• What is required:
A faithful copy of the data is the goal; set it down exactly, without the images.

--- Data extract Enclosed Below ---

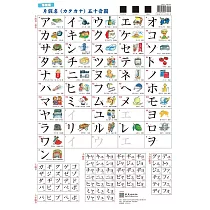 手機版 片假名(カタカナ)五十音圖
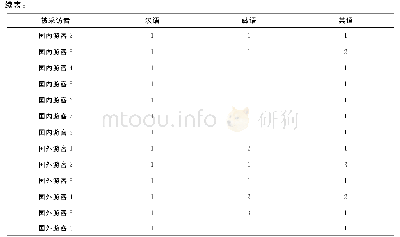 表7 对汉语、藏语和英语使用的感知与态度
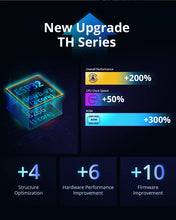 Load image into Gallery viewer, THR3 16A Th Elite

--- End of Enclosed Data extract ---

• Answer:
 手機版 片假名(カタカナ)五十音圖
 表7 对汉语、藏语和英语使用的感知与态度
 Load image into Gallery viewer, THR3 16A Th Elite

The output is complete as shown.